Supervisor: Max Telford (UC London), Co-supervisor Davide Pisani (University of Bristol)
Student: Paschalis Natsidis
Objectives: The Deuterostomes are one of the two major branches of bilaterian animals and are of particular interest to humans as we are members of one its phyla - the Chordata. Clarifying the relationships between groups of deuterostomes will allow subsequent mapping of the evolutionary history of diverse genomic, developmental and morphological characters and is essential to understand the route from invertebrates to vertebrates. While the clade itself is very widely accepted, there is uncertainty over several important aspects of deuterostomes phylogeny including, surprisingly, a weak signal supporting their monophyly. To reconstruct the tree, genomes of some significant missing clades will be assembled and annotated allowing both tree reconstruction and subsequent mapping of genomic characters.
O1: Sequence, assemble and annotate genomes from important unsampled groups (the slow evolving acoelomorph Paratomella rubra and the pterobranch hemichordate Rhabdopleura).

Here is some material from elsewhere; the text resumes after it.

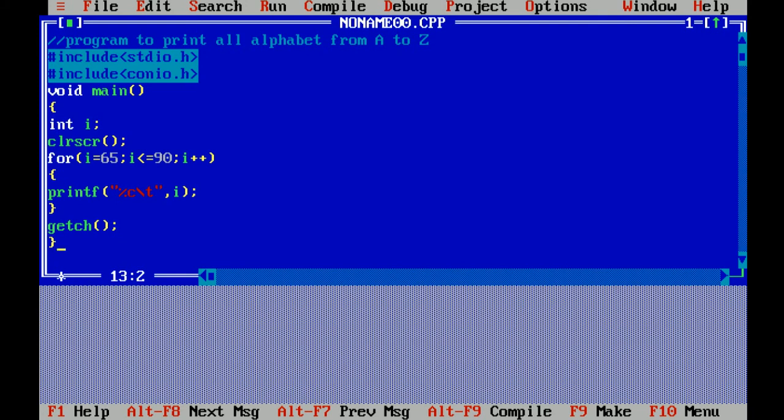Hello everyone, today I will explain how to print all alphabets from capital A to capital Z using a for loop.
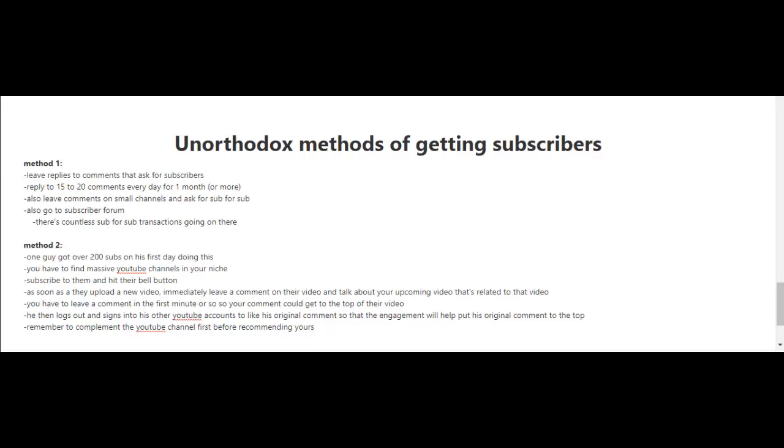The person that got over 200 subscribers doing this method also logged out and signed into his other YouTube accounts and used those to like his original comment so the engagement will help put his original comment to the top. When you're leaving a comment, remember to also compliment the YouTube channel first.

O2: Test the phylogeny of the deuterostomes (including the disputed Xenacoelomorpha).
O3: Reconstruct a time tree of deuterostome evolution.
O4: Reconstruct the genome content of deuterostome ancestors.
O5: Link patterns of gene loss, gain, duplication and diversification in deuterostome genomes with morphological change.
Secondments: Eduardo Pareja (Granada), Alexandros Stamatakis (Heidelberg), Davide Pisani (Bristol).